[[ Records shown open ]]

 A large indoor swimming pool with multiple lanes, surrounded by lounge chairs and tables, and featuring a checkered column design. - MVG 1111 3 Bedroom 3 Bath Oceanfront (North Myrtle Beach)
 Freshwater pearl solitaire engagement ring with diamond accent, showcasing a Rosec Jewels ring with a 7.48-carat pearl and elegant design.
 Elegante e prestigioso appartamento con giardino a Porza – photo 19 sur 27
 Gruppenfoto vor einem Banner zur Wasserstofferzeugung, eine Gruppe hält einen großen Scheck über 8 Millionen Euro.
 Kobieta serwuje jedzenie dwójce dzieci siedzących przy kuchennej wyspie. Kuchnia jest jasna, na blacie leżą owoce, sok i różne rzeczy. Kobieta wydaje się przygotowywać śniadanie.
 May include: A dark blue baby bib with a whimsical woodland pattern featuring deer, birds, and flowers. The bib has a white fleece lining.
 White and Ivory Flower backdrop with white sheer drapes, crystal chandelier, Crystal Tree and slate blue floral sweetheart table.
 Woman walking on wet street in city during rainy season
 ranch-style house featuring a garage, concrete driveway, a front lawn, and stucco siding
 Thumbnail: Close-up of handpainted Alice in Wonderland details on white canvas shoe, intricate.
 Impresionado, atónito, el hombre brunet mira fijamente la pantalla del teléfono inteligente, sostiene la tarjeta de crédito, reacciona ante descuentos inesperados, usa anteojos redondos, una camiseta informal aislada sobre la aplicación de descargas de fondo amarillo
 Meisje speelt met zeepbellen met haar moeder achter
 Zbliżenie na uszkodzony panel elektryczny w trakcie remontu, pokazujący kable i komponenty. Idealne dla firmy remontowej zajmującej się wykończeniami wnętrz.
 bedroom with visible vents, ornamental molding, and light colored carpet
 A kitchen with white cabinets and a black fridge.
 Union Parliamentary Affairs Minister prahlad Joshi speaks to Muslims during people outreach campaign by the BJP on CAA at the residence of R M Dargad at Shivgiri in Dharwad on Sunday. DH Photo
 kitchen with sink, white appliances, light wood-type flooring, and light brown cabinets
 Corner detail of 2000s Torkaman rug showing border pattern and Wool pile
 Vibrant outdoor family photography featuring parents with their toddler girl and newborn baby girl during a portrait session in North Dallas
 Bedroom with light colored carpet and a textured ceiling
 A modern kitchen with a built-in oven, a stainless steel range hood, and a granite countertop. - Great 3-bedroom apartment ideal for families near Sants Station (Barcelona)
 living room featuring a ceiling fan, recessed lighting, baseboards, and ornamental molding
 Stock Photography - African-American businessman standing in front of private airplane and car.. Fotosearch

[[ Records shown closed ]]

■ What is required: Copy the entries word for word. Start at the first line and end with the line containing "A kitchen with".

■ Response to the task:
 A large indoor swimming pool with multiple lanes, surrounded by lounge chairs and tables, and featuring a checkered column design. - MVG 1111 3 Bedroom 3 Bath Oceanfront (North Myrtle Beach)
 Freshwater pearl solitaire engagement ring with diamond accent, showcasing a Rosec Jewels ring with a 7.48-carat pearl and elegant design.
 Elegante e prestigioso appartamento con giardino a Porza – photo 19 sur 27
 Gruppenfoto vor einem Banner zur Wasserstofferzeugung, eine Gruppe hält einen großen Scheck über 8 Millionen Euro.
 Kobieta serwuje jedzenie dwójce dzieci siedzących przy kuchennej wyspie. Kuchnia jest jasna, na blacie leżą owoce, sok i różne rzeczy. Kobieta wydaje się przygotowywać śniadanie.
 May include: A dark blue baby bib with a whimsical woodland pattern featuring deer, birds, and flowers. The bib has a white fleece lining.
 White and Ivory Flower backdrop with white sheer drapes, crystal chandelier, Crystal Tree and slate blue floral sweetheart table.
 Woman walking on wet street in city during rainy season
 ranch-style house featuring a garage, concrete driveway, a front lawn, and stucco siding
 Thumbnail: Close-up of handpainted Alice in Wonderland details on white canvas shoe, intricate.
 Impresionado, atónito, el hombre brunet mira fijamente la pantalla del teléfono inteligente, sostiene la tarjeta de crédito, reacciona ante descuentos inesperados, usa anteojos redondos, una camiseta informal aislada sobre la aplicación de descargas de fondo amarillo
 Meisje speelt met zeepbellen met haar moeder achter
 Zbliżenie na uszkodzony panel elektryczny w trakcie remontu, pokazujący kable i komponenty. Idealne dla firmy remontowej zajmującej się wykończeniami wnętrz.
 bedroom with visible vents, ornamental molding, and light colored carpet
 A kitchen with white cabinets and a black fridge.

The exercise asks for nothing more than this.